The Superior Hiking Trail is a 300+ mile footpath traversing Minnesota’s North Shore along its namesake Great Lake. It’s been a work in progress since 1986, and now the end is in sight.
On Minnesota’s North Shore, hugging the rugged and sharp-blue edge of Lake Superior, the Superior Hiking Trail runs from the Canadian border south to Jay Cooke State Park near Duluth. When finished it will stretch further south, to the Wisconsin border, where it will connect to the trans-USA North County National Scenic Trail.
The final section will be cut from the current southern terminus, meandering toward the Wisconsin border for six to seven remaining miles.
“Thanks to [new] funding, we will be able to complete it,” said Jo Swanson of the Superior Hiking Trail Association.
‘Every Trail Connects’ Project
The funding Swanson notes is via REI’s Every Trail Connects program, which is investing $500,000 in 10 trail projects across the United States.

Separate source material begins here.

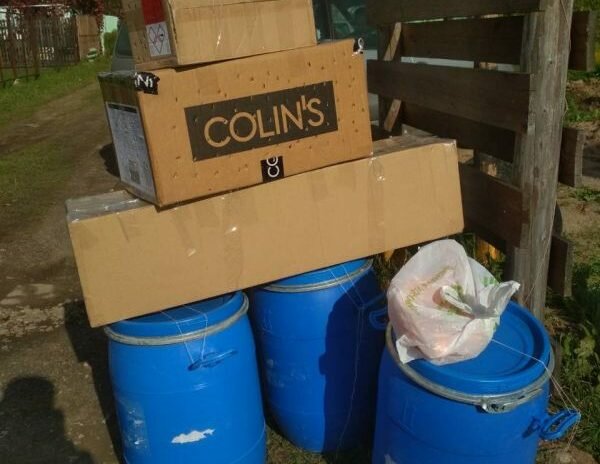 Три пластиковые и несколько коробок доверху забитые марихуаной нашли милиционеры на одном из дачных участков в Витебском районе. Фото УВД Витебского облисполкома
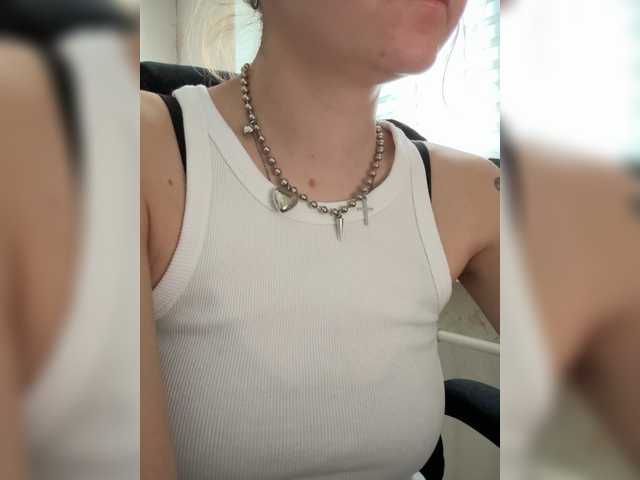 Asexysmile live cam on BongaCams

The trails were chosen for geographic diversity and a successful trail-building history.
“As a co-op, we are always looking for new ways to involve our members,” said REI’s Michael Ferris. “Every Trail Connects, along with our other ongoing stewardship efforts, help make life outside more accessible.”

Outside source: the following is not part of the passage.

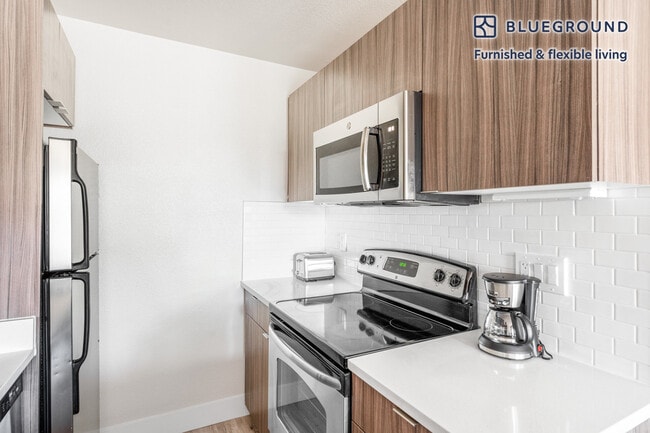 745 S Bernardo Ave unit FL3-ID842, Sunnyvale, CA 94087 - photo 6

The “other” efforts Ferris refers to? Those comprise $5.9 million granted to more than 300 nonprofits in 2015. Those nonprofits, he said, are working to increase access to more than 1,000 outdoor places throughout the U.S.
In addition to the Superior Hiking Trail, the Every Trail Connects initiative included “beach, backcountry and urban trails” at varying stages of completion.
Trails Across The U.S.
Texas’ Violet Crown Trail, for example, is in early stages of development, while the Superior Hiking Trail and the Santa Monica Mountains’ Backbone Trail are nearly finished — the funds will put on finishing touches to complete both those long-running projects.

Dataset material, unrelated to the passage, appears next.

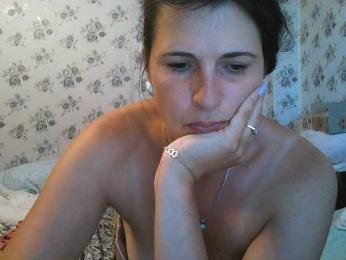 Karolina33 webcam model stream image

Once the projects were determined earlier this year, REI turned it over to the public to distribute funds by voting online; each vote earned a trail $5, with a maximum of $75,000 allocated to each trail.
The speed with which the maximum was reached, said Ferris, blew REI away. It took just 37 hours and 25 minutes for 100,000 votes to be cast and max out each trail’s donation.
REI’s president and CEO Jerry Stritzke awarded another $10,000 per trail “to celebrate this passion,” Ferris said.
Superior Hiking Trail
Thanks to a successful e-mail and social media campaign, the Superior Hiking Trail was the first trail to max out in the voting. Its $85,000 grant will be used to complete the southern end of the trail as well as to build loops for hiking on spurs of the trail in Duluth. The work will begin in 2016, with the completion of the route planned for later in the year.
Swanson said, unlike many grant competitions for trails, REI’s program maxed out funding for all participants instead of awarding money only to the vote winner.
“Every trail picked got to benefit financially, which is especially important for smaller trails,” she said.
Swanson also notes the Superior Hiking Trail was competing against better-known trails in coastal states.
“Not only did we raise money but we got to raise awareness,” she continued. “I hope it’s eye-opening that we have some great places in the Midwest.”
Over the years, funding for the Superior Hiking Trail has come from dozens of sources, including private companies, grants, government, and especially by individual contributors and association members, which number more than 4,000. The trail is built and managed for the most part by volunteers.
REI’s latest contribution of $85,000 is both generous as well as significant because of its application toward completing the route.